Aksi Wilfried Zaha dalam Memerangi Rasisme yang Tak Kunjung Usai

Zaha pernah menjadi korban rasisme

Diskriminasi dalam bentuk rasisme bukanlah hal yang baru. Tindakan ini terus berkembang dan bisa menyasar siapa pun. Dilansir Merriam-Webster, rasisme berarti suatu doktrin yang berasumsi bahwa perbedaan biologis yang melekat pada ras manusia sangat menentukan serta menganggap suatu ras tertentu lebih superior dan memiliki hak untuk mengatur ras yang lain.

Sejauh ini tindakan rasisme acap kali menyasar kaum berkulit hitam sebagai korbannya. Hal tersebut tak luput dari perhatian Wilfried Zaha. Pemain andalan Crystal Palace ini sadar betul bahwa rasisme bakal terus ada. Apalagi, Zaha juga punya pengalaman pahit karena juga menjadi sasaran rasisme dari beberapa pihak.

1. Pemain pertama yang menolak untuk berlutut dalam kampanye Black Lives Matter

Aksi Wilfried Zaha dalam Memerangi Rasisme yang Tak Kunjung UsaiWilfried Zaha menolak untuk berlutut sebagai bentuk kampanye Black Lives Matter. (twitter.com/goal)

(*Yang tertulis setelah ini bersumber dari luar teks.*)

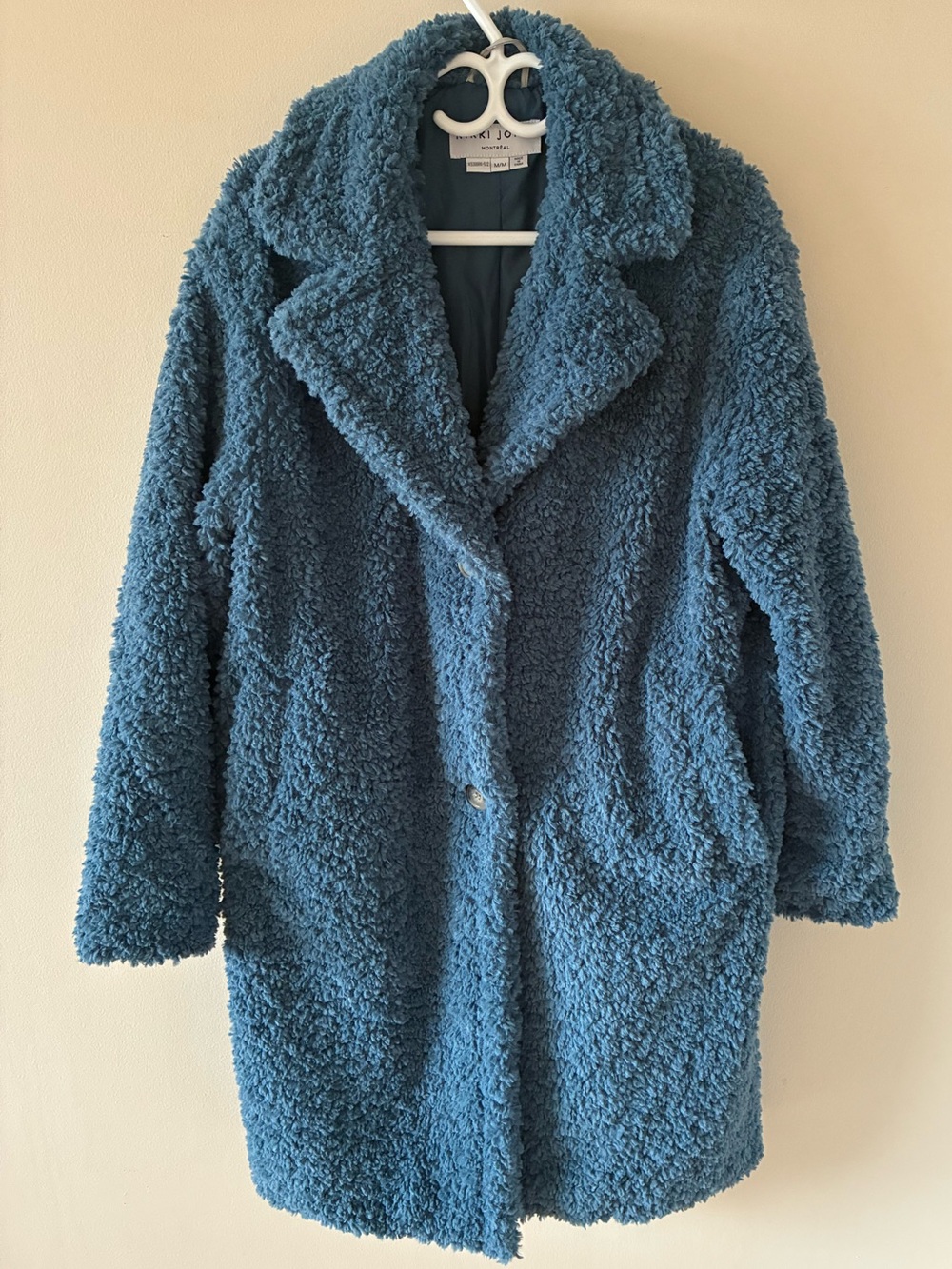 Nikki Jones blue faux fur long pea coat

Mulai pertengahan musim 2019/2020, Premier League berinisiasi untuk mengadakan kampanye Black Lives Matter. Aksi ini didasari atas realitas bahwa kasus rasisme masih banyak terjadi di seluruh belahan dunia. 

Terlebih, dunia sempat dihebohkan dengan kasus kematian George Floyd, pria berkulit hitam, oleh oknum polisi di Amerika Serikat pada Juni 2020. Hal tersebut seolah membuka lembaran kelam bahwa rasisme masih dipandang sepele oleh beberapa pihak.

Kampanye Black Lives Matter dikumandangkan, termasuk di Premier League. Sebelum pertandingan berlangsung, tiap pemain serta ofisial yang terlibat berlutut sebagai bentuk dukungan dalam melawan diskriminasi rasial.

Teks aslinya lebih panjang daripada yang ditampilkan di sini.